**Work task**. Beginning with the line containing "理科418分捡漏,高考捡漏536上北大" and going on through the line containing "벤치마킹 모델의 광 효율 및 방열 성능 분석", the lines below are to be returned exactly, pictures excluded and nothing added.

**Records to process**.
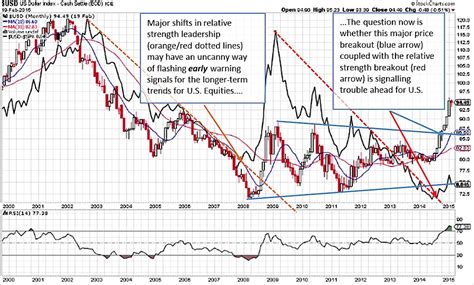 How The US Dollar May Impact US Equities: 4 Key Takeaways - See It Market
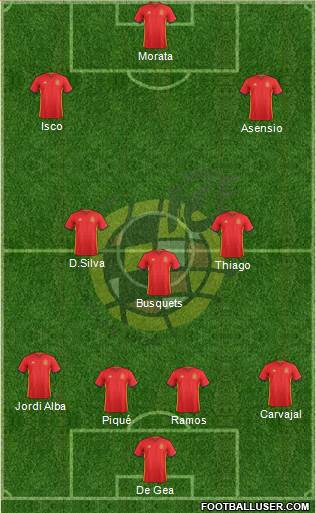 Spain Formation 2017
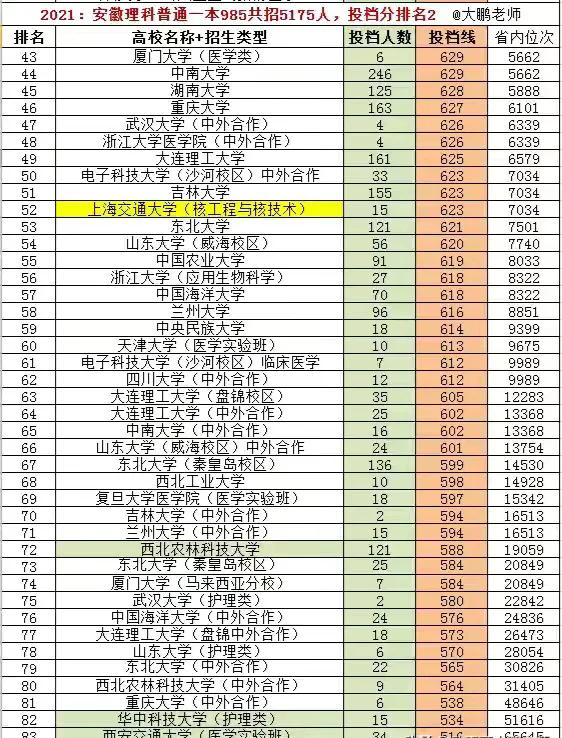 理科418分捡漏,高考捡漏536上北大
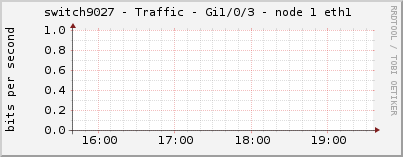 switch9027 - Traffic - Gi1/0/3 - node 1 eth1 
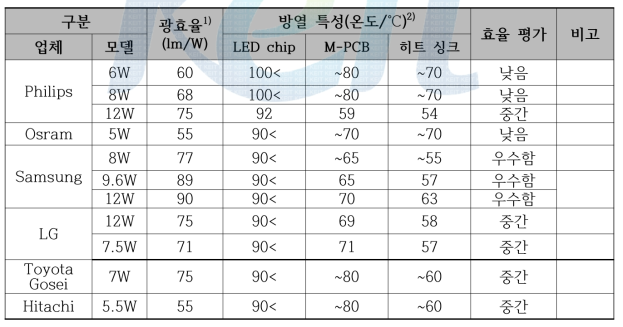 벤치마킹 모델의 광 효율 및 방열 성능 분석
...
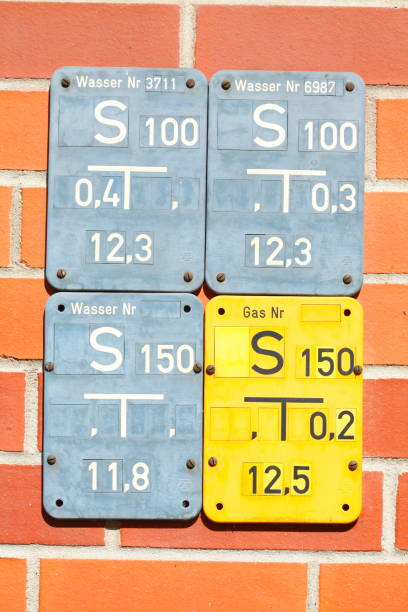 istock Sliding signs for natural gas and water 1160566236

**Answer for this exercise**.
 理科418分捡漏,高考捡漏536上北大
 switch9027 - Traffic - Gi1/0/3 - node 1 eth1 
 벤치마킹 모델의 광 효율 및 방열 성능 분석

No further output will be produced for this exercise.